Foreword:
Reiterating what is said in comments and hopefully elaborating on a few key points:
The specific mathematical concepts behind the underlying problem are those of cardinality of sets and bijective functions. These formalized concepts mirror how we think in the finite case and allow us to think beyond that as well in the infinite cases.
The purpose of the "Hilbert's Hotel" example is to show explicitly via way of visualization how our intuition from finite sets does not directly translate to infinite sets.
What is a bijection and what is meant by cardinality?
A bijective function is a function from a domain to a codomain where the following properties are satisfied:
- It is a function, i.e. every element in the domain maps to exactly one output in the codomain (e.g. each person can be in only one room at a time)
- It is a surjective function, i.e. every element in the codomain is mapped to by at least one element in the domain (e.g. every room has at least one person in it)

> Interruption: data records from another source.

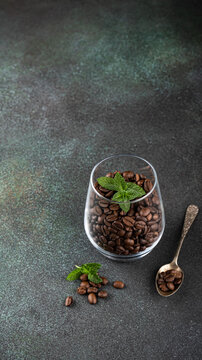 A glass filled with roasted coffee beans and fresh mint leaves, placed on a textured dark surface, creating a rich visual contrast, stories templates with copy space
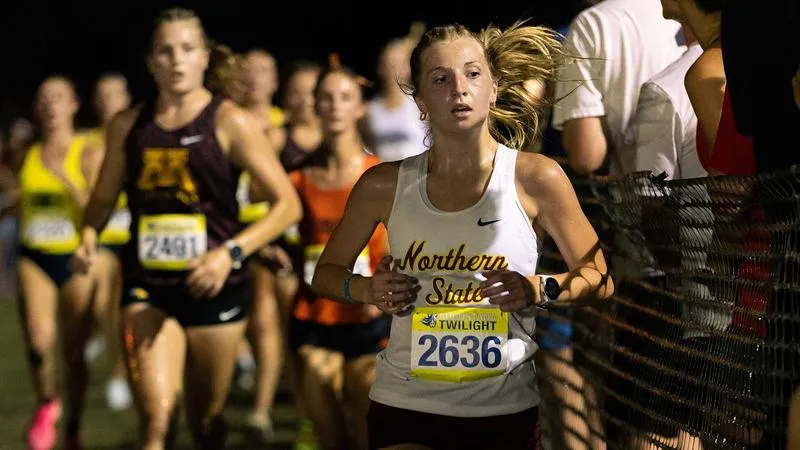 OLESIAK AND HASART PACE WOLVES AT JIMMIE INVITE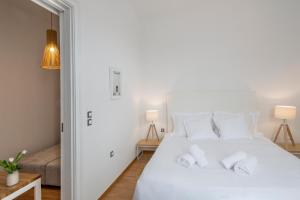Posteľ alebo postele v izbe v ubytovaní Athens Residence Apartments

- It is an injective function, i.e. every element in the codomain is mapped to by at most one element in the domain (e.g. no room may have more than one person in it)
We say that if there exists a bijective function between two sets, that they "have the same cardinality" (i.e. they have the "same number of elements"). If the sets are called $A$ and $B$, we write that they have the same cardinality as $|A|=|B|$. (Other popular options exist, such as $\#A=\#B$ or $A\sim B$, etc... I will stick with $|A|=|B|$ through the rest of this post).
For example, if we have $50$ people and $50$ rooms, then we can come up with a bijective function pairing the people to the rooms so that exactly one person goes in each room.
What are some results for the finite case?
A few properties that you should be well familiar with for finite sets:
If $|A|=|B|$ and $A'\supsetneq A$, then $|A'|\gneq |B|$.
For example, if we have $50$ people and $50$ rooms, then we have a bijective function pairing people to rooms, but as soon as we add a $51$'st person, then we cannot come up with such a pairing. $51$ people and $50$ rooms, we will by the pigeonhole principle be forced to have some room with more than one person in it.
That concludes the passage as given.